Hojeando Alicia en Suderland, la novela gráfica de Bryan Talbot, me entero de que Alice Liddell, la verdadera Alicia, la niña a la que una mágica tarde del verano de 1862, mientras paseaban en barca, le contó Lewis Carroll las aventuras en el reino subterráneo, estuvo en Nueva York, el año 1932. Era el último regalo que aquel extraño clérigo tartamudo le hacía. Habían sido amigos en otro mundo, ella le había abandonado, se había casado, había tenido hijos, había perdido a dos de ellos en la Gran Guerra, había conocido a príncipes y reyes, había llevado una vida fastuosa en una gran mansión, se había arruinado, se había salvado de la ruina gracias al primer manuscrito de las aventuras de Alicia, y había seguido viviendo, como si fuera eterna… En 1932 tenía ochenta años y la vida era para ella, desde hacía tiempo, un negro desmoronarse sin aliciente alguno. Y entonces aquel viejo amigo, muerto desde hacía muchos años, pero que no había olvidado su sonrisa, la tomó de la mano y la llevó a un nuevo País de las Maravillas. Se celebraba el centenario del escritor y la universidad de Columbia quiso celebrarlo por todo lo alto. A Alice Liddell la recibieron en Nueva York como a una gran estrella, como a un ser fabuloso. En el Waldorf Astoria, un hotel que es también museo y laberinto, exponen el menú y la vajilla del banquete en su honor.

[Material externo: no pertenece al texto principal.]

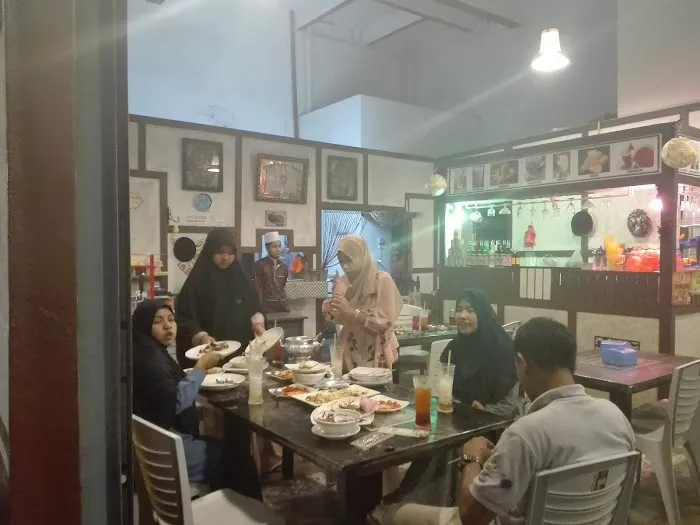 Delisha Homestay Picture 4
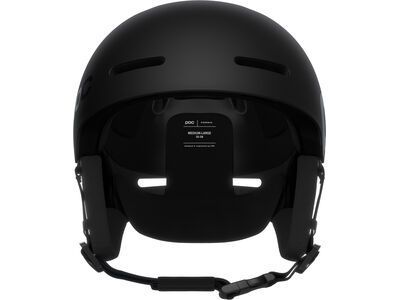 POC Fornix BC, uranium black matt - Bild 2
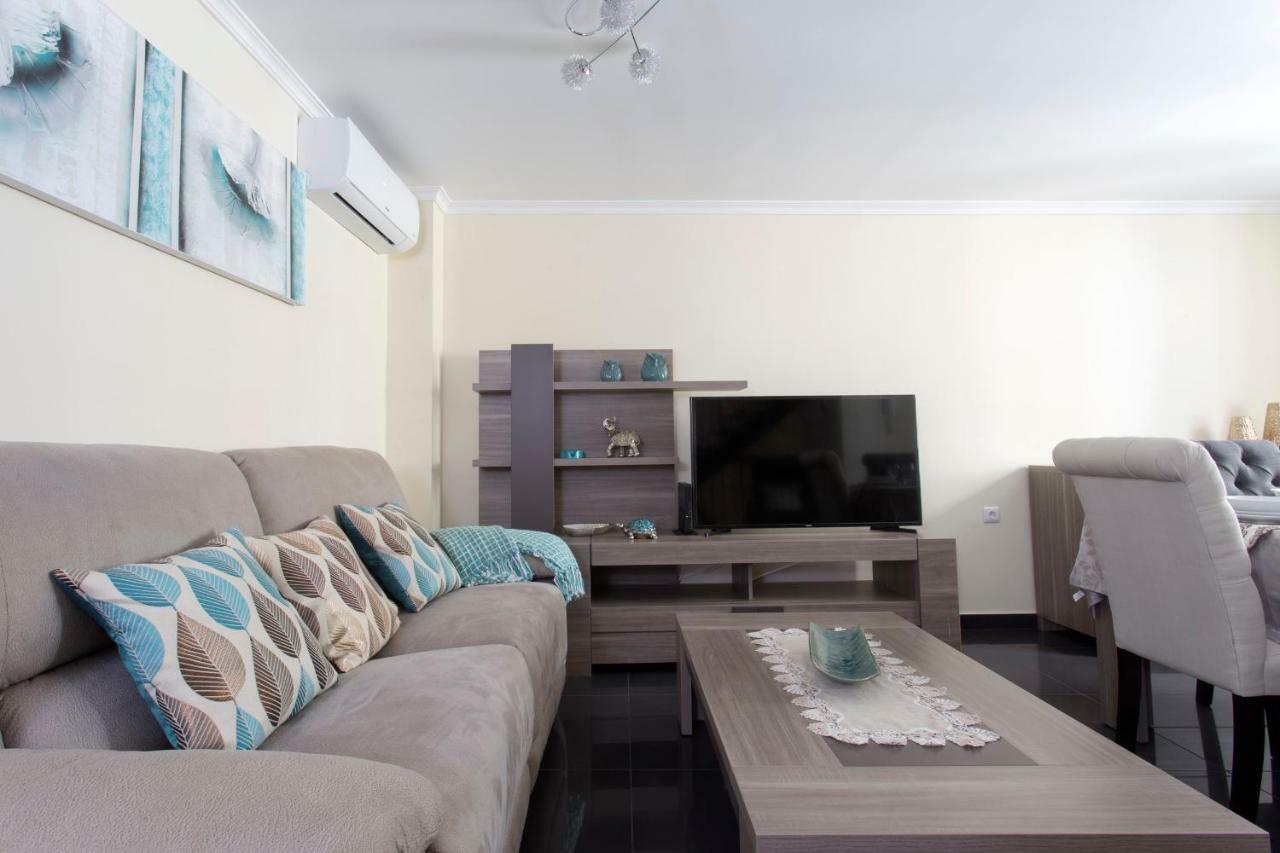 Antonella Home Funchal ภายนอก รูปภาพ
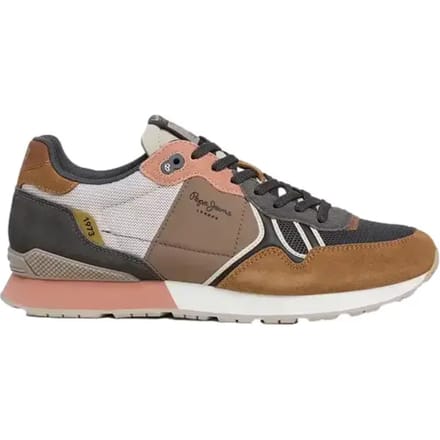 Trainers Pepe Jeans Brit Land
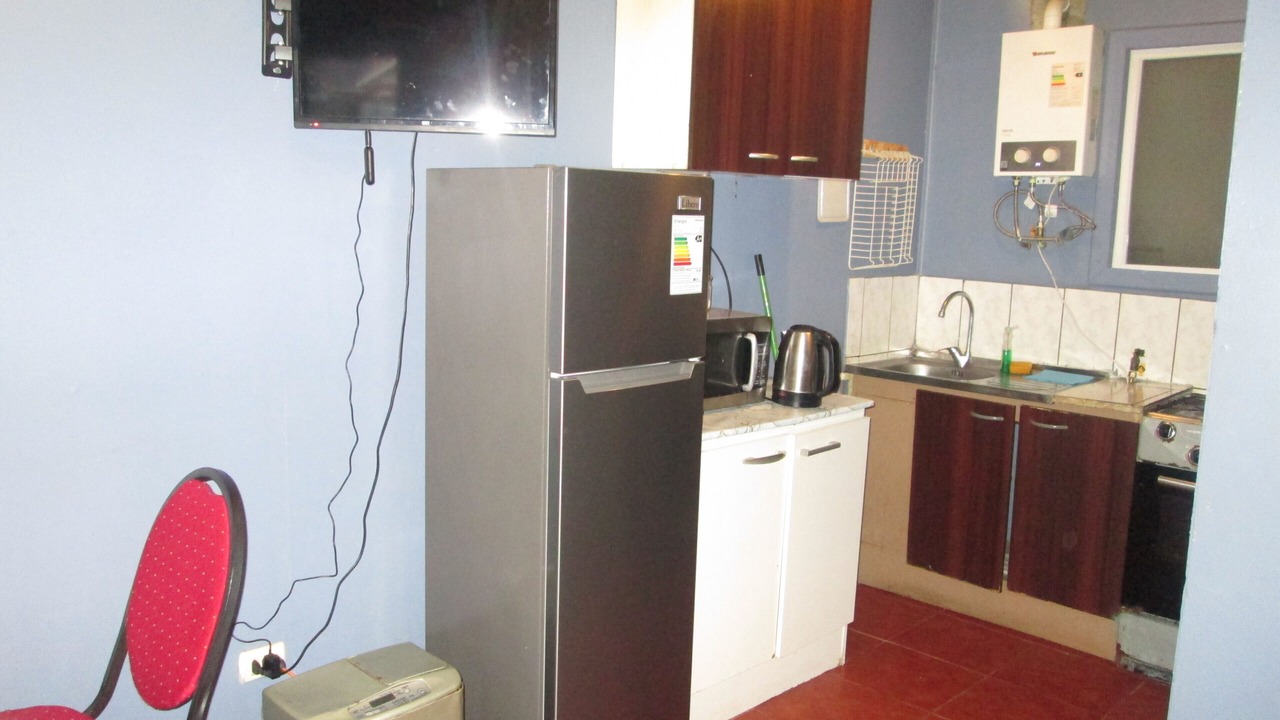 Photo of Kitchen in Puerto Montt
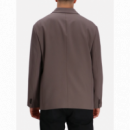 EMPORIO ARMANI - Blazer - U8092 - EM001158AF18079/U8092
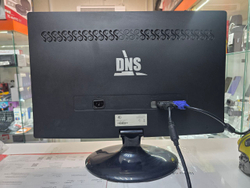 Монитор DNS G222L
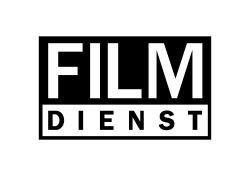 Logo der Firma Film Dienst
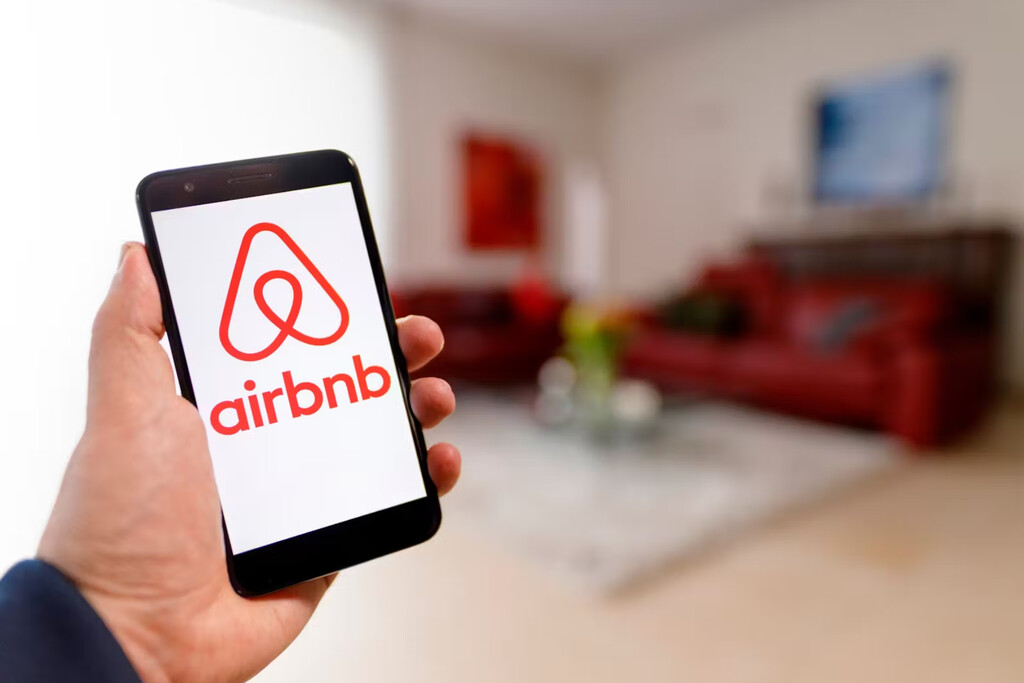 Airbnb tiene su nueva arma para romper a muchos hoteles: reserva primero y paga después . Noticias en tiempo real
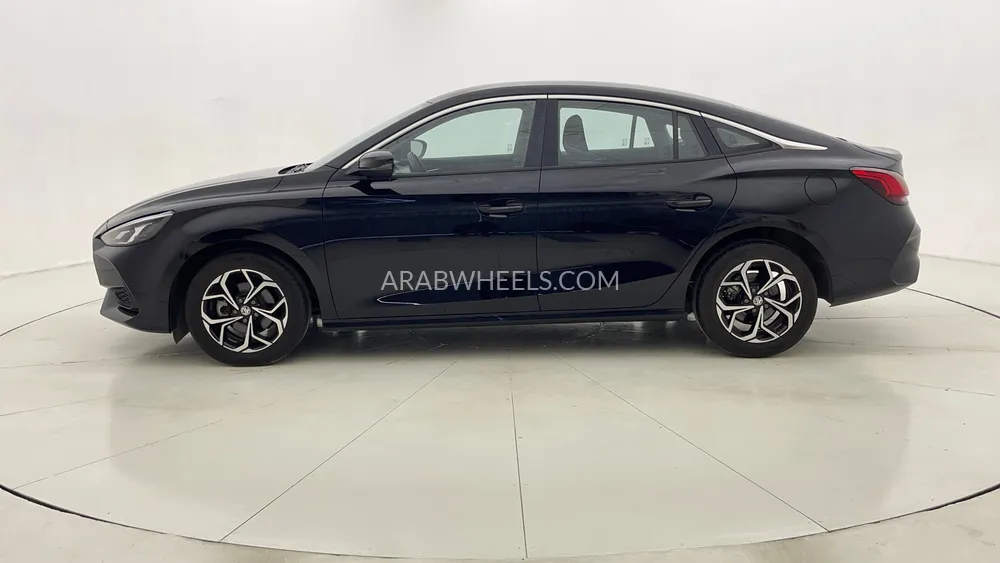 MG GT 2024 for Sale in Dubai Image-6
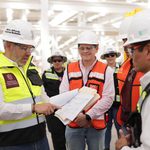 Michoacán alcanza inversión privada histórica de más de 94 mil mdp: Bedolla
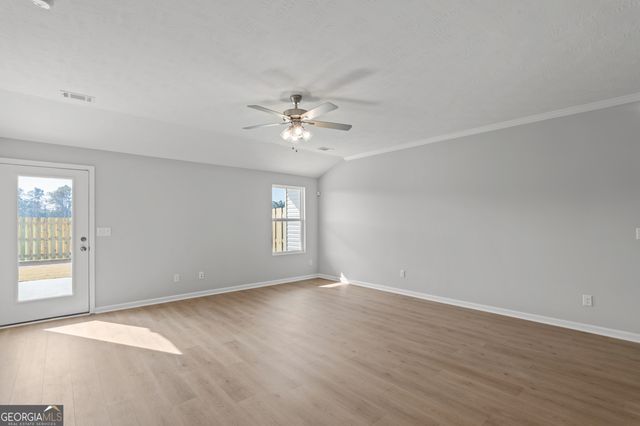 208 Willowton Lane, Hephzibah, GA 30815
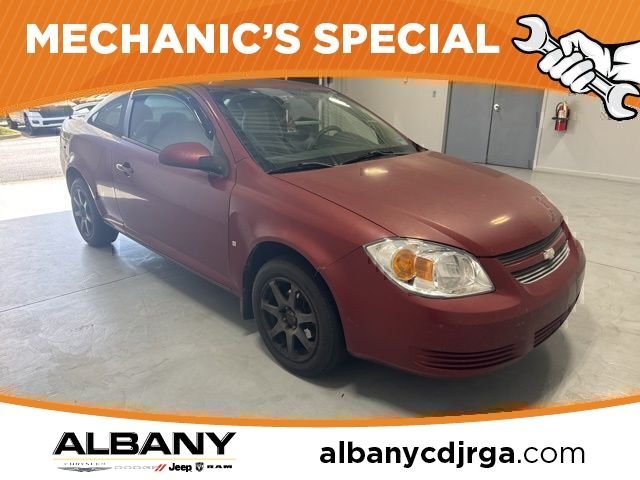 2008 Chevrolet Cobalt
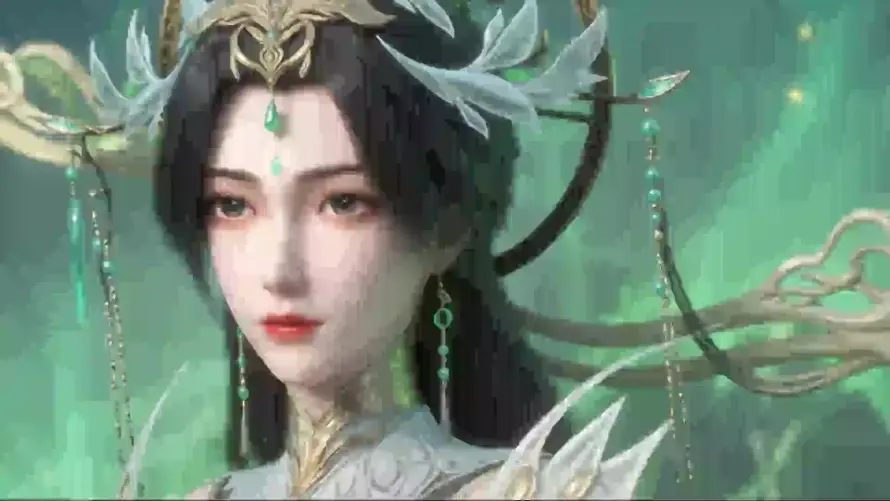 最喜欢的图像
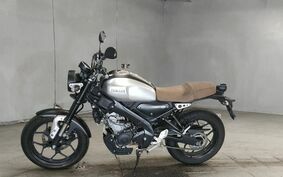 YAMAHA XSR155 不明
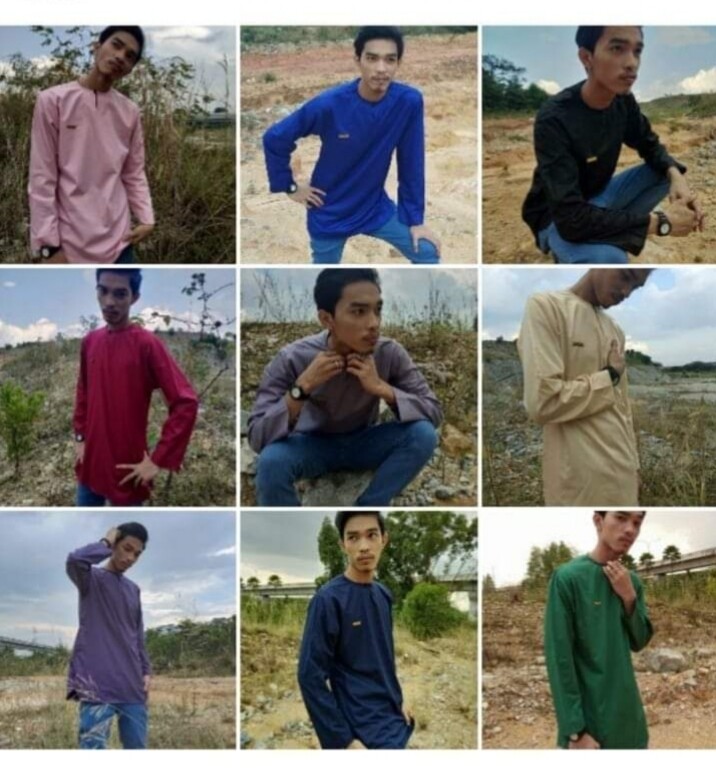 KURTA AL-ALWI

Doris Dana, una caprichosa criatura neoyorquina, tenía entonces doce años y se escapó de casa para ver a aquella anciana que había sido Alicia. “La encontré sola, cansada, sentada en una silla, y le pedí que me dejara ir al mundo subterráneo, con la Reina Roja y la Reina Blanca, le confesé que odiaba a mi familia, a mis profesores, todo lo que me rodeaba”, contó, algún tiempo después, a Gabriela Mistral, a quien conoció también en Columbia y fue su gran amor. “Yo soy una impostora”, le confesó Alice Lindell, “la Alicia que él amaba, la que hizo inmortal, no ha existido nunca, pero tú, querida niña, te pareces más que nadie a ella”.


Jueves, 29 de abril
UN MAL DÍA

“Prefiero ser infeliz por haberte tenido y haberte perdido que no haberte conocido”, susurra la canción que suena a lo lejos. Suena bien, pero yo no estoy tan seguro de que sea la mejor opción. Yo preferiría no haberte tenido, haberte perdido y no haberte conocido.